MILANO – Cosa ci spinge a preferire il caffè a un’aranciata, un succo di frutta, una bibita gassata o una bevanda alcolica. De gustibus avrebbero detto gli antichi romani. Ma al di là dei gusti, delle abitudini e delle circostanze, le preferenze individuali in materia di bevande fanno riferimento a un complesso mix di fattori biologici e culturali.
E come dimostra un nuovo studio della statunitense Northwestern University, di cui riferisce Simone Valesini su Galileo, le scelte dipenderebbero più dagli effetti delle bevande, che dal loro gusto.
Quando scegliamo un caffè, ci seduce il profumo, l’aroma e la consistenza della bevanda. Ma ciò che cerchiamo realmente sono pur sempre gli effetti della caffeina.

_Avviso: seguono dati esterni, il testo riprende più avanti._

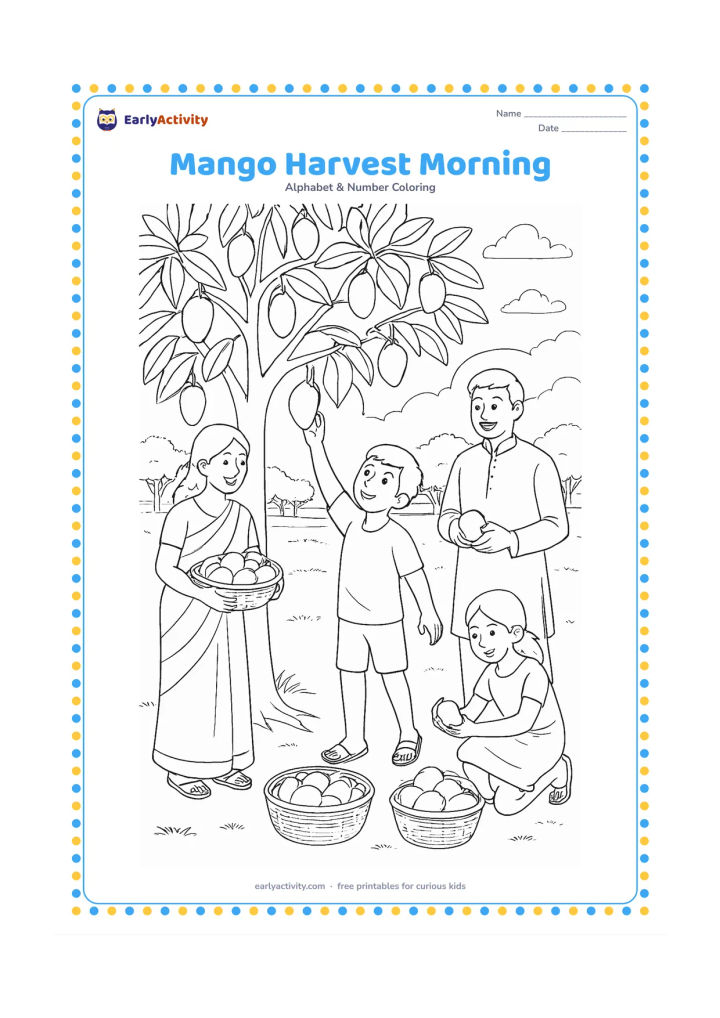 Colouring page: Draw an Indian family gathering mangoes beneath a full mango tree in a sunny orchard, with baskets on the ground and a child reaching for a low fruit. Include distant rows of trees and…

Cosa influenza le nostre preferenze?
La ricerca, pubblicata sulle pagine di Human Molecular Genetics, nasce per indagare il rapporto tra patrimonio genetico e gusti in fatto di bevande. Motivo: si sa da tempo, ormai, che questo genere di preferenze influenzano fortemente la nostra dieta. E in molti casi rappresentano un autentico fattore di rischio. Il consumo di bevande zuccherate, per esempio, è uno dei principali indizi che aiutano a prevedere lo sviluppo di disturbi cardiovascolari, obesità, diabete e altre malattie metaboliche.
Mentre l’alcol, dal canto suo, è collegato allo sviluppo di oltre 200 patologie. E causa ogni anno circa il 6% delle morti registrate in tutto il pianeta. È per questo che comprendere cosa orienti le scelte individuali potrebbe rivelarsi importante. Perché aiuterebbe gli specialisti a sviluppare interventi mirati nel contribuire a modificare diete e comportamenti poco salutari.
La risposta nei geni
I ricercatori della Northwestern hanno deciso di affrontare la sfida con un cosiddetto studio di associazione genome-wide, un tipo di ricerca in cui si cerca di indagare tutti (o quasi) i geni presenti nel dna di un ampio gruppo di persone, per trovare il collegamento tra una qualche caratteristica fenotipica (in questo caso le preferenze in fatto di bibite) e specifiche varianti geniche.
In questo caso, la ricerca ha coinvolto oltre 370mila persone, di cui i ricercatori hanno sequenziato il genoma, e hanno poi incrociato i dati ottenuti con informazioni relative al consumo giornaliero di bevande. Divise per comodità in due gruppi: bibite amare, che comprendono caffè, alcolici, tè, e simili; e bevande dolci, intese come bibite contenenti zuccheri aggiunti, e succhi di frutta (ad esclusione di quello al pompelmo).
E i risultati – a detta dei ricercatori – sono particolarmente interessanti.
Non il gusto, ma gli effetti della bevanda
Le associazioni più forti non sono emerse per geni che svolgono un ruolo nel funzionamento dei recettori del gusto, eventualità che avrebbe permesso di spiegare le preferenze individuali sulla base di una maggiore o minore sensibilità al dolce o all’amaro. Al contrario, i risultati hanno mostrato che la scelta tra l’uno o l’altro tipo di bevande dipende piuttosto da geni collegati al consumo di caffeina e alcolici, nel caso delle bibite amare, e a varianti collegate al rischio di obesità nel caso delle bevande dolci.
Un particolare che, a detta dei ricercatori, dimostra come spesso non sia il gusto in sé a determinare le nostre preferenze, quanto piuttosto la nostra suscettibilità alle sostanze in esse contenute, come alcol e caffeina.
“Le nostre preferenze evidentemente sono collegate ai componenti psicoattivi di questi drink”, spiega Marilyn Cornelis, ricercatrice della Northwestern che ha coordinato lo studio. “La verità è che probabilmente ci piace il modo in cui il caffè o l’alcol ci fanno sentire. È per questo che li beviamo, e non per il loro sapore”.